POLİTİKA Haber Girişi : 06 Aralık 2017 09:26

Nusaybin'de "Demirtaş ve Yüksekdağ" açıklaması

Nusaybin'de "Demirtaş ve Yüksekdağ" açıklaması
HDP Nusaybin ilçe teşkilatı, tutuklu bulunan Eş Genel Başkanları Selahattin Demirtaş ve eski Eş Genel Başkanları Figen Yüksekdağ'ın yargılanmalarıyla ilgili açıklama yaptı.
Nusaybinim Haber Servisi
HDP Nusaybin ilçe teşkilatı, tutuklu bulunan Eş Genel Başkanları Selahattin Demirtaş ve eski Eş Genel Başkanları Figen Yüksekdağ’ın yargılanmalarıyla ilgili açıklama yaptı.
HDP İlçe binasında HDP İlçe Başkanı Ferhat Kut tarafından yapılan açıklamada, Demokratik siyasetin tutsak edilmesinin üzerinden bir yıl geçtiğini kaydetti.
Kut'un yaptığı basın açıklaması şöyle:
“20 Mayıs 2016'da Meclisi kendi varlığını sorgulayacak hale getiren, yasama ve kürsü dokunulmazlıklarını hiçe sayan dokunulmazlıkların kaldırılmasıyla başlayan süreç, faşizmin kurumsallaşması için atılan en kritik adımdı. Kurgusal olduğu şüphesi her geçen gün artan 15 Temmuz Darbe girişimi 20 Temmuz 2016'da OHAL rejiminin hayata geçmesine neden olurken,  bu gelişmelerin sonucunda HDP'ye yönelik düşmanlığın ve saldırıların artacağından kimsenin şüphesi yoktu.
Kürt sorununun çözümsüzlüğü üzerine inşa edilmeye çalışılan yeni rejim savaşı giderek derinleştirirken, içeride ve dışarıda Kürt halkının kazanımlarına yönelik saldırılar da yoğunlaştı.
HDP muhalefetinden gücünü alan toplumun geniş kesimlerinin bu savaşa ve gidişata dur demesinin önünü kesmeyi amaçlayan iktidar, HDP’ye yönelik saldırılan Ekim ayı sonunda doruğa taşıdı. Önce belediyelerimize kayyum atadı, bileşen partilerimize ve başkanlarına yönelik operasyonlar arttı, belediye eş başkanlarımız tutuklandı, KHK ihraçları hızlandı, basın susturulmaya çalışıldı ve nihayetinde demokrasi ve özgürlüğün sesini kısmaya yönelik Eş Genel Başkanlarımız Figen Yüksekdağ, Selahattin Demirtaş ve vekillerimiz gözaltına alınıp tutuklandı. Bu tutuklamalar Türkiye siyasetinde yeni bir darbe girişimi olarak utanç sayfasında yerini alacaktır. 
Seçilmişlere yönelik bu saldın halkın özgür iradesine, eksikli de olsa bugüne kadar elde edilmişi demokratik kazanımlara yönelik, kabul edilemez bir siyasikırım operasyonudur.
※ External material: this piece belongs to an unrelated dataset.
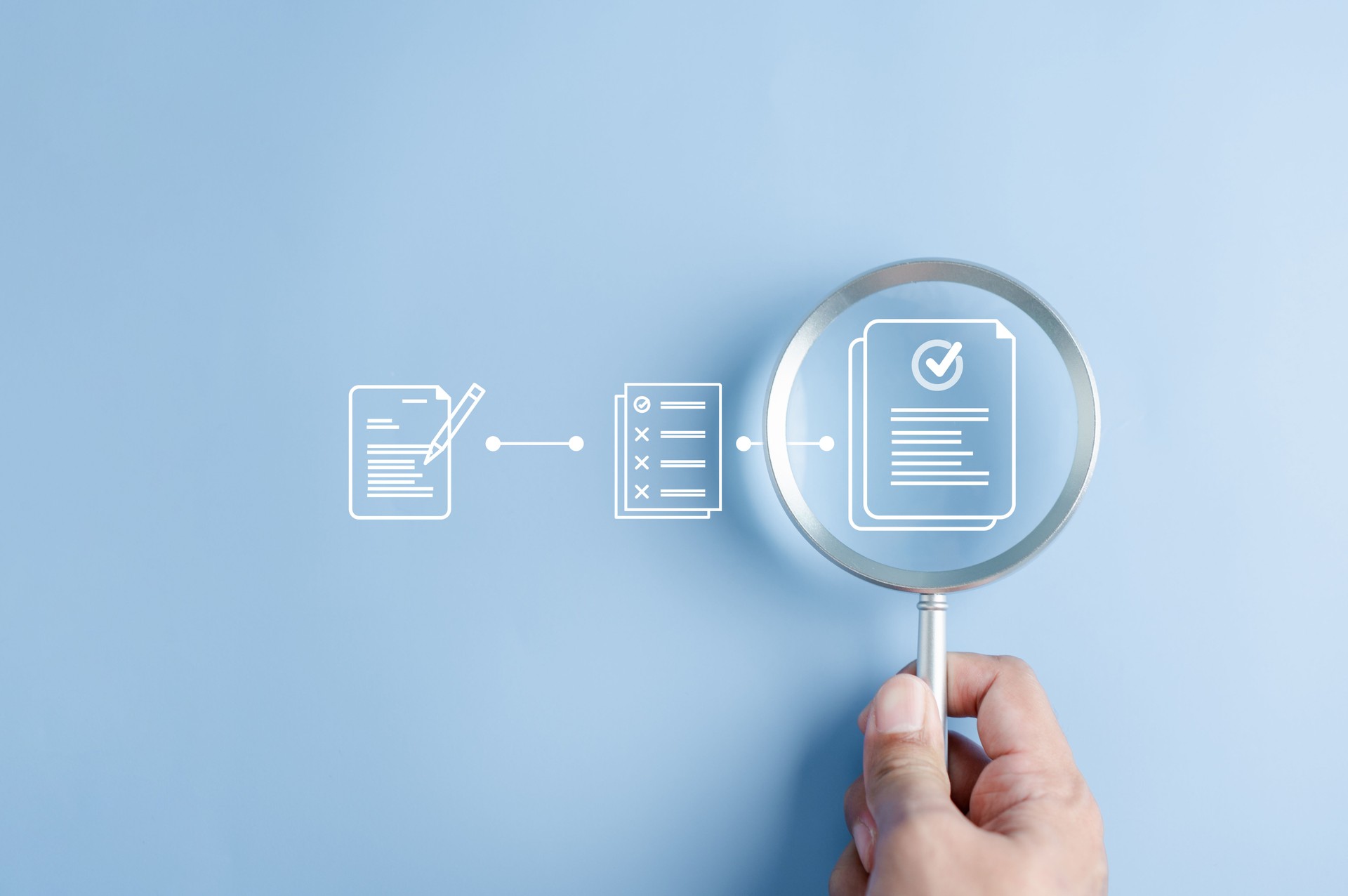 Data analysis quality check of document ai artificial intelligence process with technology processor to planning business information data, tech, network corporate concept.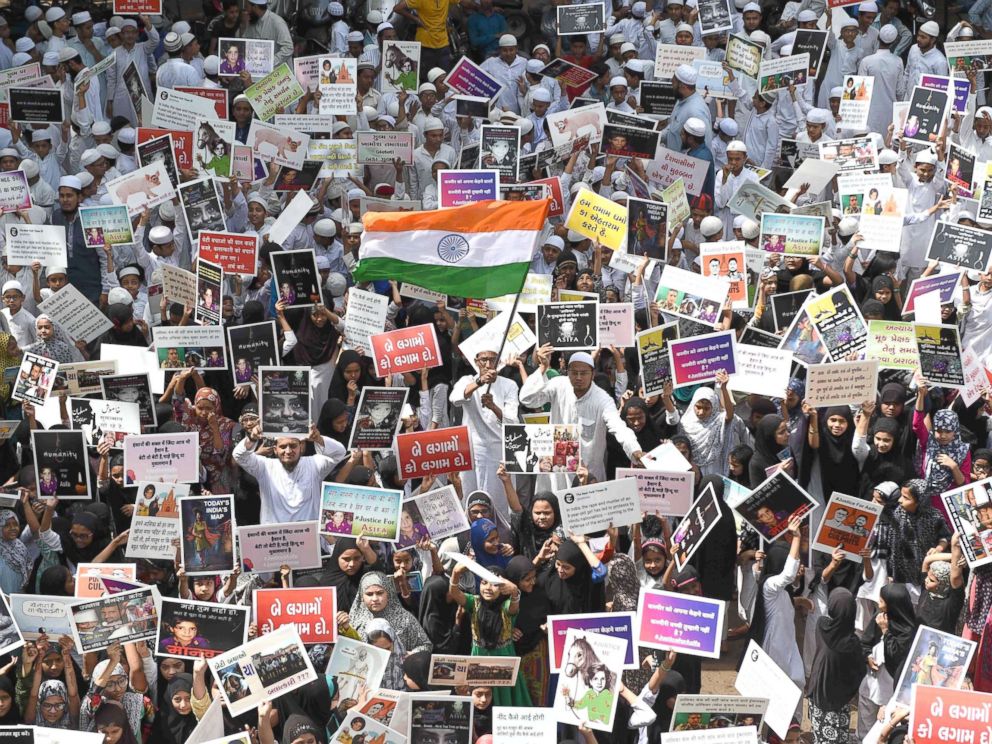 PHOTO: Indian students in Ahmedabad, India protest in support of rape victims in Jammu and Uttar Pradesh, April 15, 2018.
Faşizmin kurumsallaşmasının en önemli adımı olarak meclisin işlevsizleştirilmesi kuşkusuz Meclisin çoğulcu ve gerçek muhalif sesi olan HDP’nin susturulmasıyla mümkün olabilecekti. Ama asla susmadık ve susmayacağız. 
Soluk aldığımız her yerde barış ve demokrasi mücadelemizi faşizmin tüm saldırılarına karşı kararlı bir şekilde yükseltmeye yolumuzda ilerlemeye devam edeceğiz. “HDP ve bütün dostları ile birlikte içerde ve dışarıda faşizme karşı direneceğiz ve tarihsel olarak emin ol ki biz kazanacağız” diyen Eş Genel Başkanımızın ve tutsak tüm arkadaşlarımızın cezaevlerindeki onurlu direnişi bize yol gösterici olacaktır. 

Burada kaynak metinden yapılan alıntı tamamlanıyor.